Brown’s jailhouse ravings add fuel. In a September 10 call to sister Tracey, leaked via Daily Mail, he ranted of “government chips” controlling him: “Foreign materials in my brain — they made me do it!” Prosecutors eye if Nikulytsia, with his mechanic’s access to tools, planted suggestions during Brown’s vulnerability. Federal charges loom under conspiracy statutes, stacking atop Brown’s death-eligible count for mass transit murder.

X erupts in horror. #IrynaBetrayed trends, with @UkraineVoiceNC posting: “From war to a lover’s knife? Heartbreaking.” Conspiracy threads link the blurred figure to Nikulytsia, demanding polygraphs.

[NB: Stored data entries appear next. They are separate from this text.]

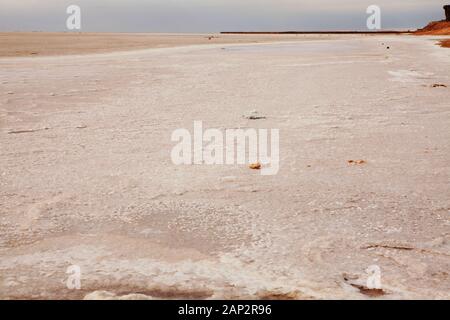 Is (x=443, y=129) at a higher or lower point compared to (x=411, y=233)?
higher

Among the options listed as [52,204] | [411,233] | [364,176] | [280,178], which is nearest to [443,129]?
[364,176]

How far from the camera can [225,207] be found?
9.46 feet

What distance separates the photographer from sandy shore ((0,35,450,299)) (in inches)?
80.5

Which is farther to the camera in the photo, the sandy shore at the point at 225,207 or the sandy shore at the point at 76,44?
the sandy shore at the point at 76,44

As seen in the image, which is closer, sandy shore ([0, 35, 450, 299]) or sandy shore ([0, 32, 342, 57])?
sandy shore ([0, 35, 450, 299])

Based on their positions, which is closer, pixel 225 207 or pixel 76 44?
pixel 225 207

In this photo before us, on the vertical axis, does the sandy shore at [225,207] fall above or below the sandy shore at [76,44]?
below

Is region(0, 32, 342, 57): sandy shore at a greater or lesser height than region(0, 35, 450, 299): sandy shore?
greater

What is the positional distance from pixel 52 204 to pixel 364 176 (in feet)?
6.92

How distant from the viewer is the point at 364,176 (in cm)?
341

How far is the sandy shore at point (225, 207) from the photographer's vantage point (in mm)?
2045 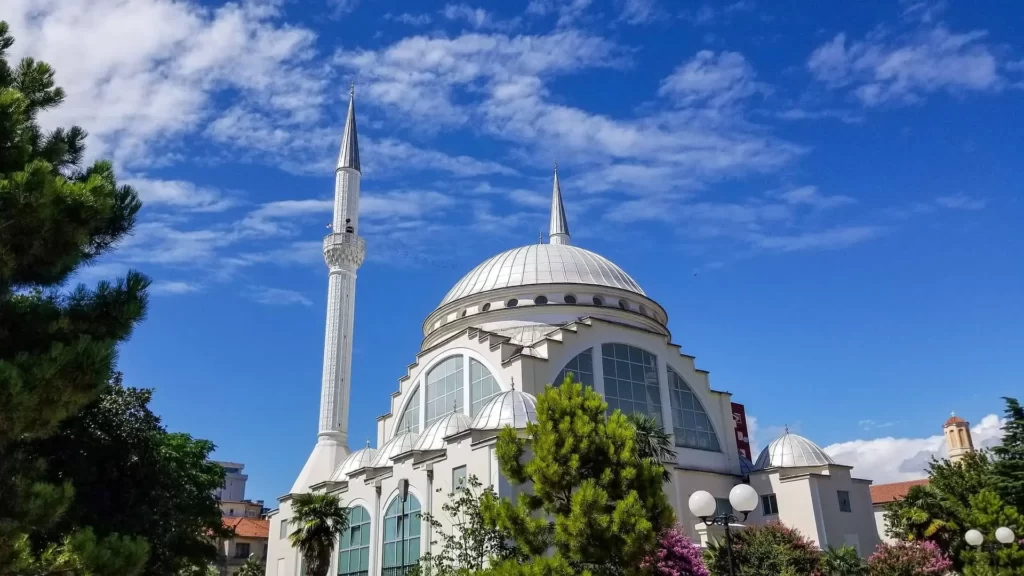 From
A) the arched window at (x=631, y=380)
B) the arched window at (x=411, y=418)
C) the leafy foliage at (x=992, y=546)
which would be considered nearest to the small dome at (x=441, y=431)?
the arched window at (x=411, y=418)

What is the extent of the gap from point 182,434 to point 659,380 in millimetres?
18093

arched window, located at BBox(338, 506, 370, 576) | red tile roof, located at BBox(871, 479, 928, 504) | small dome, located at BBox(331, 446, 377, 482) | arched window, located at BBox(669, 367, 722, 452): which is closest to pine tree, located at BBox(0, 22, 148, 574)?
arched window, located at BBox(338, 506, 370, 576)

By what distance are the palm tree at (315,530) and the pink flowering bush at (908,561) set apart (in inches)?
632

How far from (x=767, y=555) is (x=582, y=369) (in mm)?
10308

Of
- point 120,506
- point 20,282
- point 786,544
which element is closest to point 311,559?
point 120,506

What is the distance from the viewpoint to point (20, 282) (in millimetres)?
11109

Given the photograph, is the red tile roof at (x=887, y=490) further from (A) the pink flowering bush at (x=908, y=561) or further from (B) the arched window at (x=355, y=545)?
(B) the arched window at (x=355, y=545)

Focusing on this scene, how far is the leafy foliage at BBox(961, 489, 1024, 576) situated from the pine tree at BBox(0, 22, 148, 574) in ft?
67.6

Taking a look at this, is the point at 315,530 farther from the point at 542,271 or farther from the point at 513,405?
the point at 542,271

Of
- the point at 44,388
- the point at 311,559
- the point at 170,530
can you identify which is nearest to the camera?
the point at 44,388

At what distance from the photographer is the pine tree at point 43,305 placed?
9.59 m

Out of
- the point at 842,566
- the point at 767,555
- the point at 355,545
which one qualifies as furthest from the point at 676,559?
the point at 355,545

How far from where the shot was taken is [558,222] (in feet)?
153

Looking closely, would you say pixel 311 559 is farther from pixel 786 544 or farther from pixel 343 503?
pixel 786 544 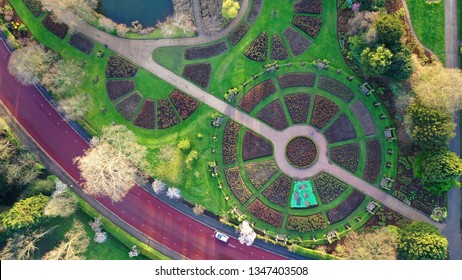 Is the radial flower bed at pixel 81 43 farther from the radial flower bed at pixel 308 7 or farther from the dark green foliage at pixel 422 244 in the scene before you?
the dark green foliage at pixel 422 244

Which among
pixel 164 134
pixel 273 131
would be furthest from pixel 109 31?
pixel 273 131

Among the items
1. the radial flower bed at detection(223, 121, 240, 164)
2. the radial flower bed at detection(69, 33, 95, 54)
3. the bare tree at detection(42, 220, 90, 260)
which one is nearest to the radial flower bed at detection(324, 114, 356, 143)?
the radial flower bed at detection(223, 121, 240, 164)

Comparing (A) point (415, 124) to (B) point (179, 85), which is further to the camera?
(B) point (179, 85)

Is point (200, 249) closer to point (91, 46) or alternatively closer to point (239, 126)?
point (239, 126)

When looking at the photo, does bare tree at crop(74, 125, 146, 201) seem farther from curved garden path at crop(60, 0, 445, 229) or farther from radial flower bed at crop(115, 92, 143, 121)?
curved garden path at crop(60, 0, 445, 229)

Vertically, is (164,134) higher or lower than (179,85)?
lower

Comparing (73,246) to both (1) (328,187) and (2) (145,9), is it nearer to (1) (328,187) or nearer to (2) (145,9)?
(2) (145,9) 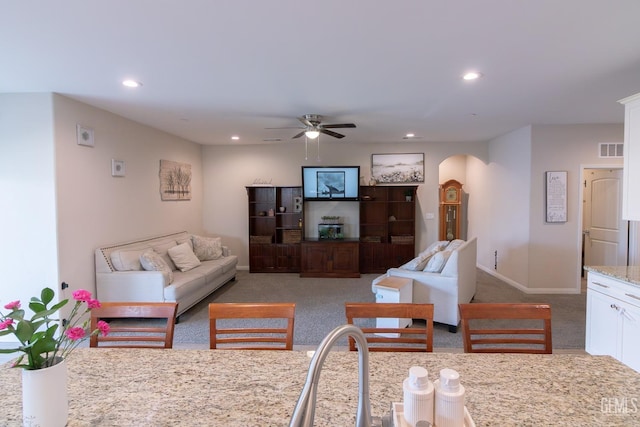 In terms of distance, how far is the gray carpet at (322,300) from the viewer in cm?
364

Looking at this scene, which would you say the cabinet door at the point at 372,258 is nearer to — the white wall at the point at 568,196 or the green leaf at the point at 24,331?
the white wall at the point at 568,196

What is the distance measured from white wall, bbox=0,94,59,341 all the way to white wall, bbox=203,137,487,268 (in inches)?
144

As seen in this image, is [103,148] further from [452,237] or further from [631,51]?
[452,237]

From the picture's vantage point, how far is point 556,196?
5.04 meters

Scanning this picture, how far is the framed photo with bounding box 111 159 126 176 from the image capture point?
435 centimetres

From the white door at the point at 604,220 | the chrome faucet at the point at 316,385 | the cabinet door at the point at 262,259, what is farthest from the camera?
the cabinet door at the point at 262,259

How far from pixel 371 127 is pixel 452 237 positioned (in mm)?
3766

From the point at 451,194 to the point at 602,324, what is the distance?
5092mm

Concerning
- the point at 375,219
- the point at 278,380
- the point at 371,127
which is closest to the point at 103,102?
the point at 371,127

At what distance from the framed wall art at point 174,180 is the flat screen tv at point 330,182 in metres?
2.25

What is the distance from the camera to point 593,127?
5.00m

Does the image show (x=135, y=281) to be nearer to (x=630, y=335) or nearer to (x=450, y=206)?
(x=630, y=335)

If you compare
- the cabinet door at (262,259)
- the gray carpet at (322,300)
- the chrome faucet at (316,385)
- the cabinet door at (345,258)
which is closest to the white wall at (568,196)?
the gray carpet at (322,300)

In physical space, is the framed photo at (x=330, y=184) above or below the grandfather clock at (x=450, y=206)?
above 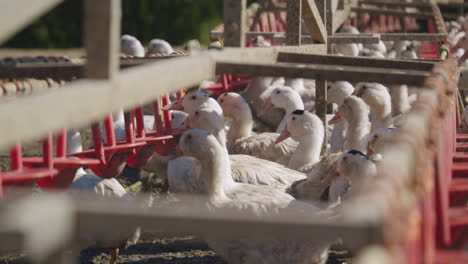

Fractured Trust: A City’s Reckoning

Zarutska’s slaying, once a symbol of urban peril, now exposes intimate horrors. The Lynx Blue Line, ridership down 25%, installs panic buttons and AI cameras amid Lyles’s pledges for 75 new officers. Governor Josh Stein decries “betrayal in the shadows,” while Trump’s X missive blasts “immigrant dreams crushed by domestic devils.” Attorney General Pamela Bondi vows: “No one manipulates our justice — not even those we love.”

For Ukraine’s expats, it’s a gut punch. GoFundMe swells to $900K, messages aching: “Escaped bombs for a trusted blade? Justice for Iryna.” Uncle Viktor Kovalenko, from Kyiv, tells ABC: “Stas was family. If true, it’s worse than war — it’s poison from within.”

Nikulytsia’s garage stands shuttered, friends divided. “He adored her,” one insists; another whispers, “Jealousy festers.” As FBI agents raid his apartment for devices, the recording loops in investigators’ ears — a whisper unraveling trust.

Echoes in the Silence: Seeking Solace

Vigils illuminate South End, Zarutska’s murals — swirling abstracts of birds in flight — a beacon against the night. Mental health reformers push transit interventions; politicians feud over “soft policies.” But amid the noise, her family’s plea cuts through: “Truth for Iryna,” attorney Lauren Newton says. “She trusted him with her heart — don’t let it end in shadows.”

This hidden voice may echo forever, a reminder that betrayal’s sharpest cut comes from the closest hand. In Charlotte’s rails, once veins of progress, Zarutska’s story demands not just justice, but vigilance — for the strangers we watch, and the loved ones we never truly see.